Restaurants. Fast food joints like Wendy’s and Shake Shack may need to overhaul their menus if they don’t want to risk losing patrons, whereas places like Chipotle and Sweetgreen that champion healthier choices might actually see a boost, along with hot-drink-focused Starbucks.

Beverages. Sales of sugary sodas and alcoholic drinks are expected to drop by 3% to 4% by 2025, and that’s not likely to benefit brands like Molson Coors and Boston Beer. On the flip side, makers of more virtuous beverages like Zevia may find the change refreshing.

Retailers. The impact on grocery sellers will vary greatly based on their customer demographics and product mix. Giants like Costco, Albertsons, and Kroger may be well-positioned to adapt, but others like BJ’s, Dollar Tree, and Dollar General could find the going gets tough – especially for those that don’t have pharmacies to offset their losses with sales of obesity drugs.

Gyms. This trend goes beyond food: Morgan Stanley’s research found that people are ramping up their exercise routines, sometimes kicking off their fitness journeys for the first time as a result of these medications. This trend could pump up foot traffic for big gym chains like Planet Fitness, Life Time Fitness, and Xponential Fitness.

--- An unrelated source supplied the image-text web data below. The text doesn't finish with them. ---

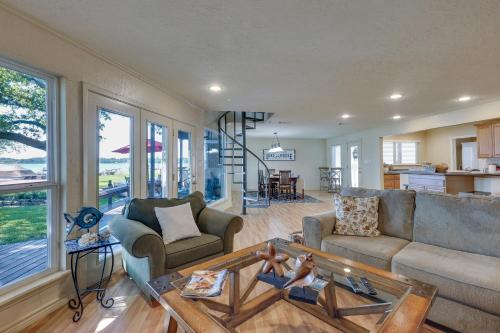 Lakefront Montgomery Home with Porch and Dock! - image 3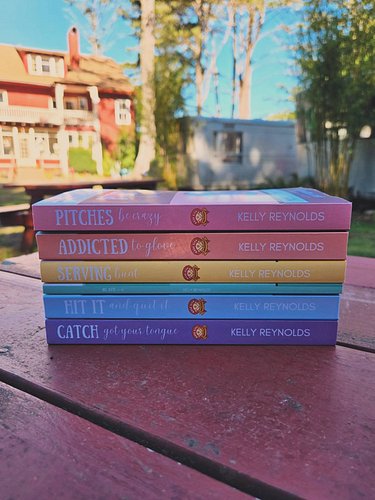 Read the rainbow. 🌈⚾️

Just in case you were wondering why I chose yellow for my holiday-ish MM baseball romance, 𝑺𝒆𝒓𝒗𝒊𝒏𝒈 𝑩𝒖𝒏...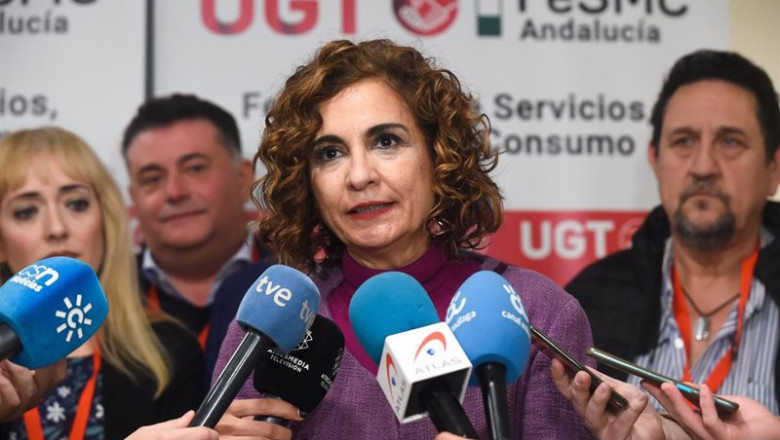 ep archivo la ministra de hacienda y funcion publica maria jesus montero atiende a los medios en ep archivo la ministra de hacienda y funcion publica maria jesus montero atiende a los medios en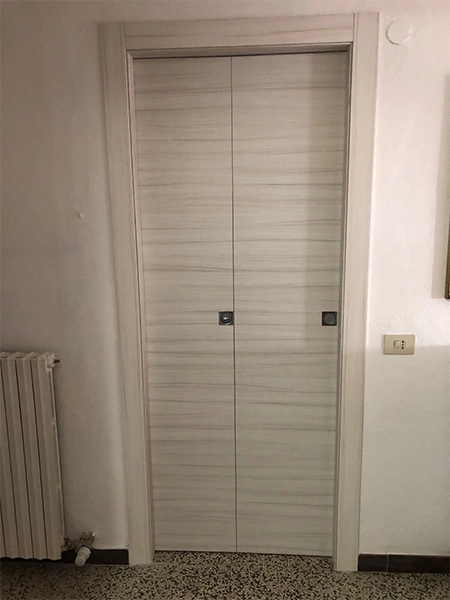 porte-interne-in-legno-chiaro-milano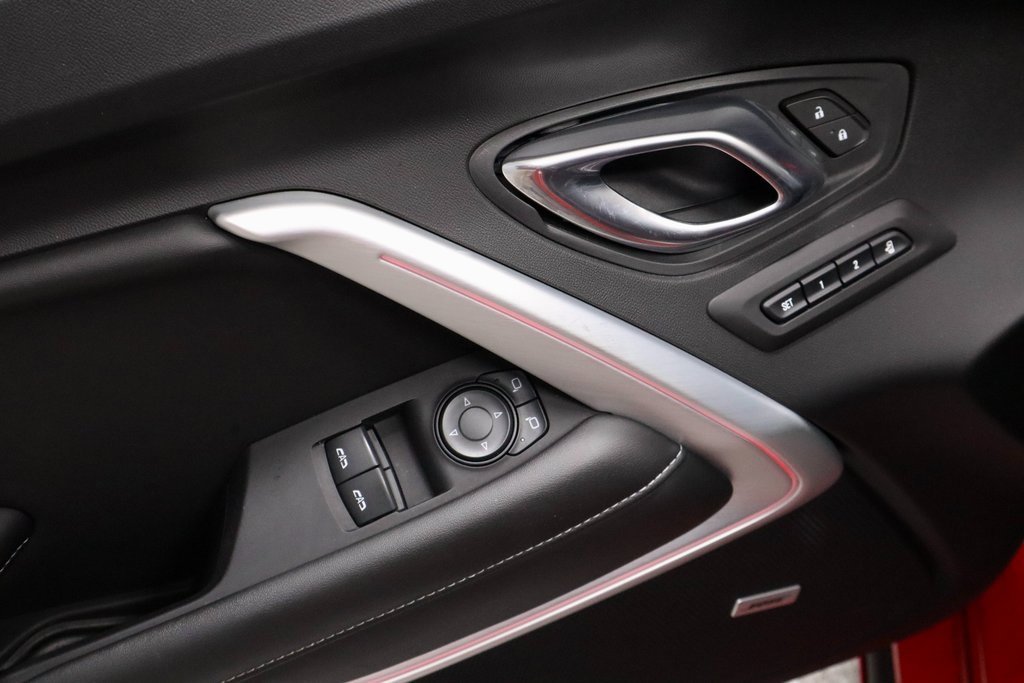 Used 2019 Chevrolet Camaro SS image 21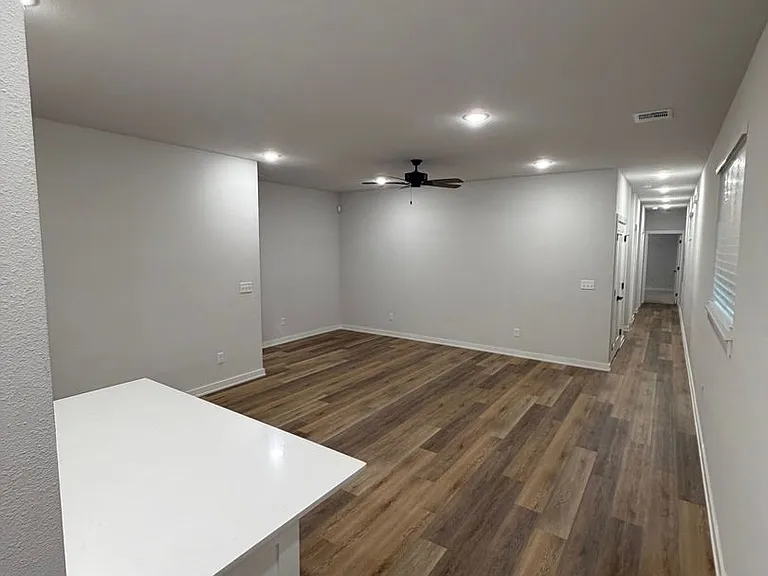 513 W Dallas St — Photo 14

Health insurance companies. Unlike life insurance companies, health insurance companies can’t legally deny coverage or charge higher premiums based on someone’s weight. If obesity drugs lead to better overall health for people, these companies could see significant cost savings in the long run and emerge as major winners. Companies like Cigna, UnitedHealthcare, Humana, and Centene could be particularly interesting to watch.

The US companies that are best and worst positioned in the battle of the obesity bulge. Source: Morgan Stanley.
The US companies that are best and worst positioned in the battle of the obesity bulge. Source: Morgan Stanley.

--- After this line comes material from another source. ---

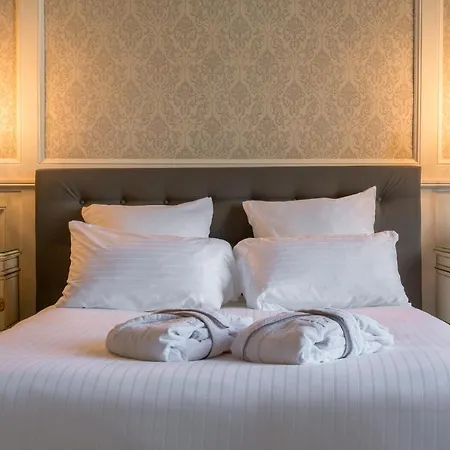 The Originals Le Chateau De Poitiers 3*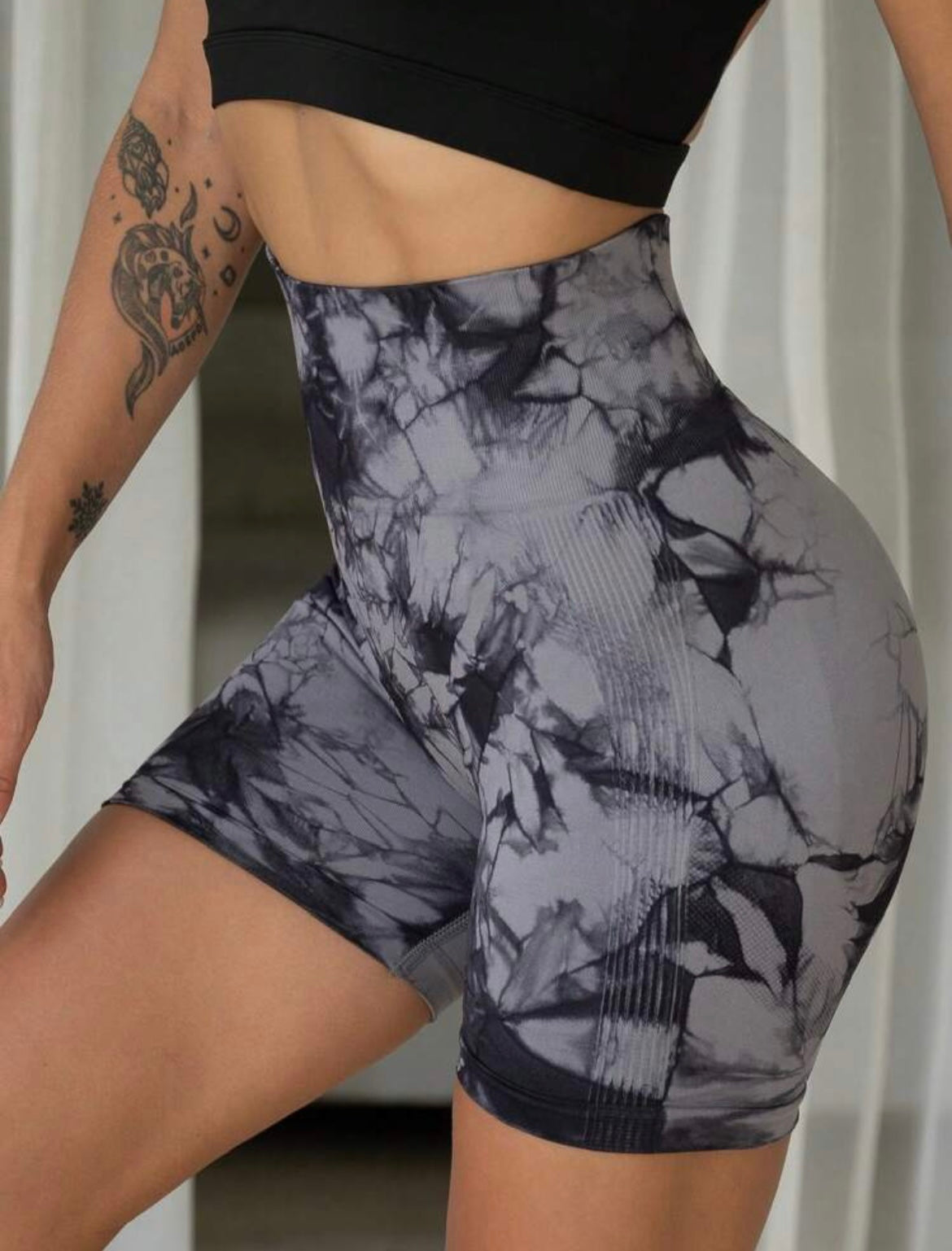 Shorts deportivos con control de abdomen y efecto push up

Apparel, footwear, and lifestyle brands. 30% of consumers said they upped their purchases in athleisure apparel and footwear since starting on obesity meds, according to Morgan Stanley – the biggest growth across all categories. Brands like Lululemon, Nike, On, Skechers, and Under Armour could run a few victory laps on that.
Let us not forget. Plenty could change. Stocks in leading positions could get dragged down by other factors. Badly positioned stocks could adapt and spring forward. But the ones with a head start today are arguably a lot more likely to win in the medium term.

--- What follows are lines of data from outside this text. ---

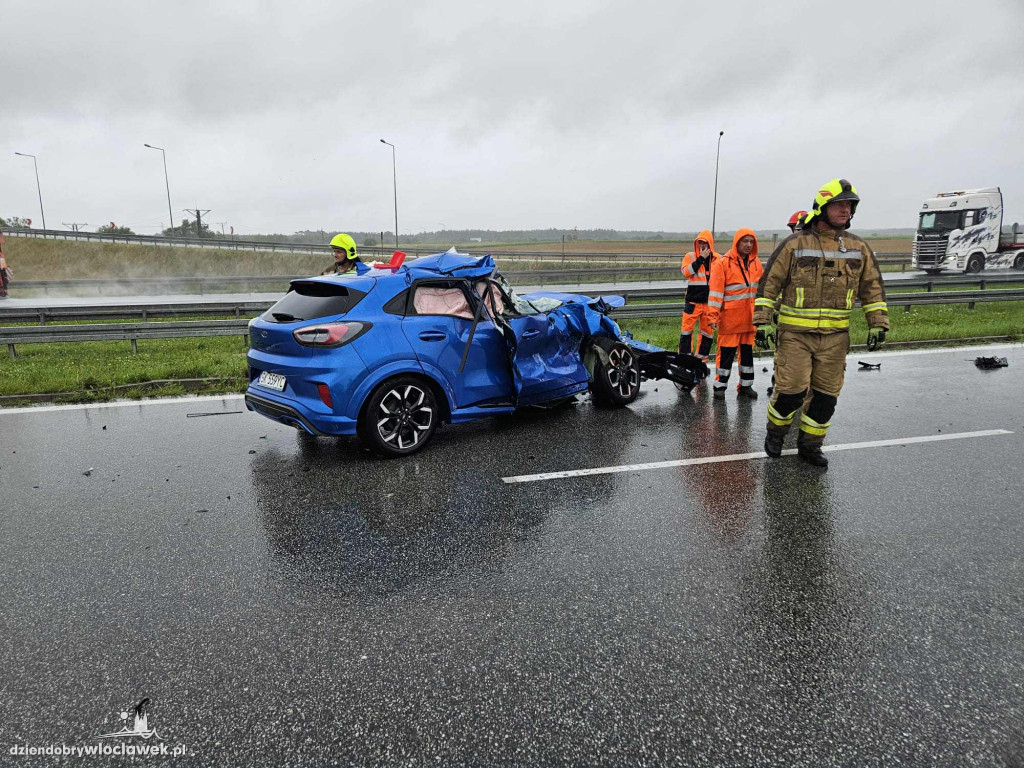 Paraliż na autostradzie A1. Ford zmiażdżony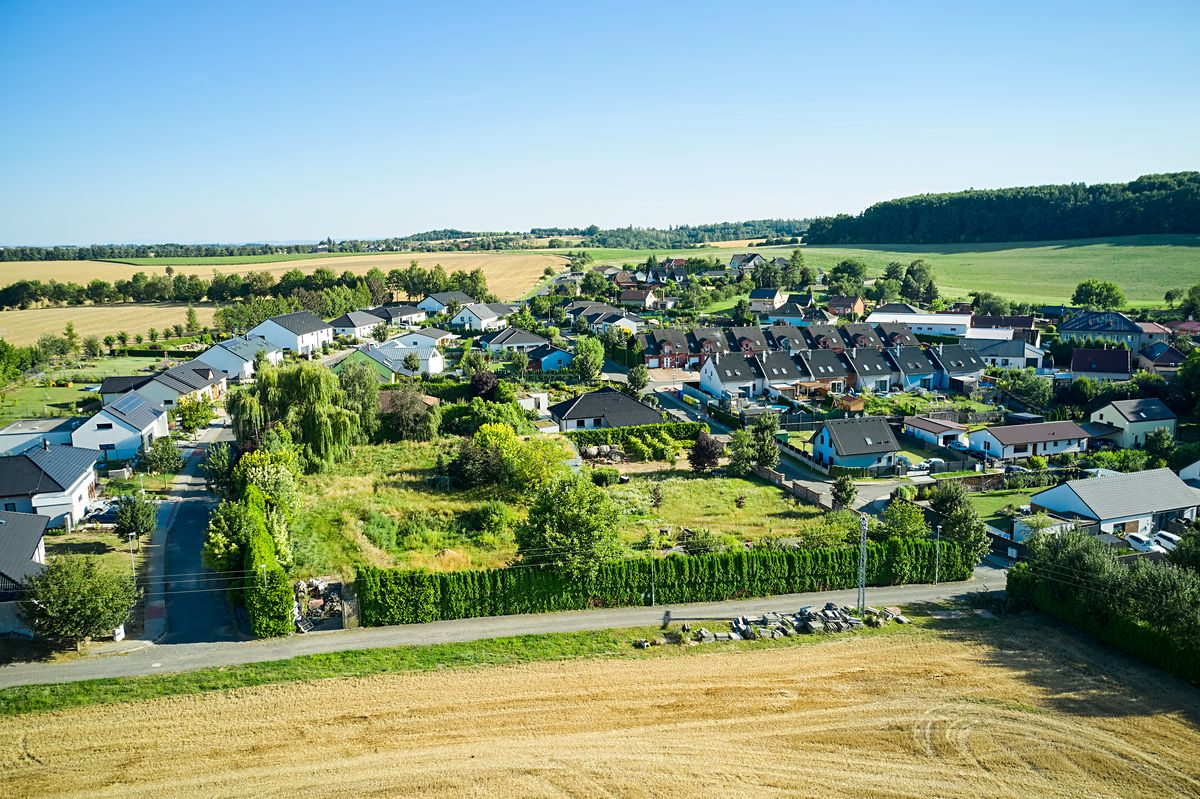 Prodej stavebního pozemku 1321 m² – fotografie 2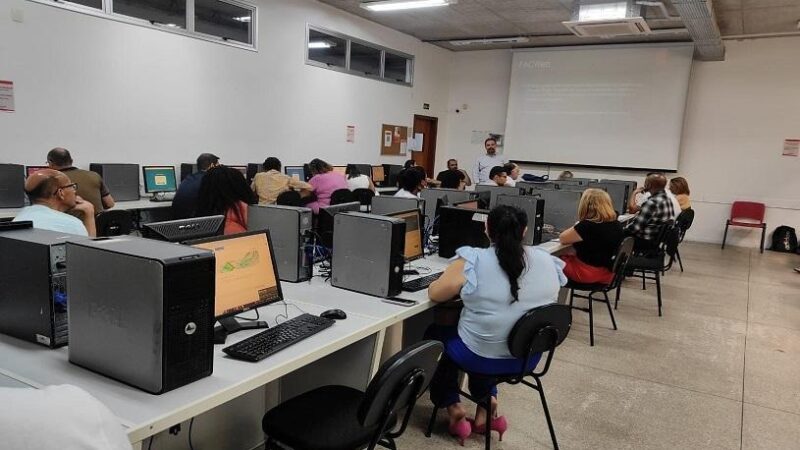 Servidores da Serra se capacitam em treinamento sobre Plano Anual de contratações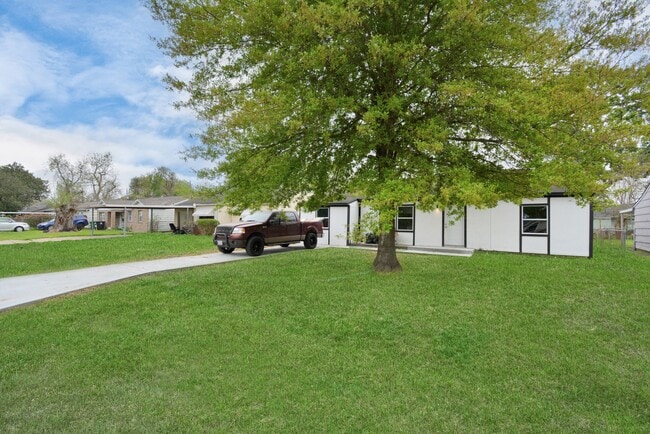 Photo - 9429 Fairland Dr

Dating apps. This may seem a bit of a stretch, but health improvements tend to lead to better confidence and that could spur more activity in the dating scene. This kind of uptick might benefit platforms run by Match Group and Bumble, as more people feel motivated to put themselves out there.

So what’s the bottom line?

There are no tailor-made obesity-drug ETFs that are all-encompassing, and offer an easy play. Best to build one own’s portfolio.
First, the heavyweights: Novo Nordisk and Eli Lilly. These core enablers of the anti-obesity movement are pivotal players and should form a substantial portion of an investment mix. They’re not just direct bets on the theme: they’re also robust companies with strong market positions. Their stock prices might seem steep, but when stacked up against their potential earnings growth over the next couple of years, the numbers start to make more sense.
Then, large pharma players: like Pfizer and AstraZeneca and emerging contenders like Zealand Pharma and Viking Therapeutics.
Lastly, indirect beneficiaries. Gyms, active apparel, and lifestyle brands are more straightforward investments than biotech and pharma companies, and they’re less at risk from litigation or adverse drug side effects. And the best is that these industries stand to gain even if the obesity treatments underperform. Obesity is one of the world’s most pressing health issues and a public opinion’s support could drive momentum, no matter what happens with the obesity drug trend.

One last thing to keep in mind: the fight against obesity is a long-term one. Dollar cost averaging is a prudent idea to pace investments: ups and downs are likely to happen along the way.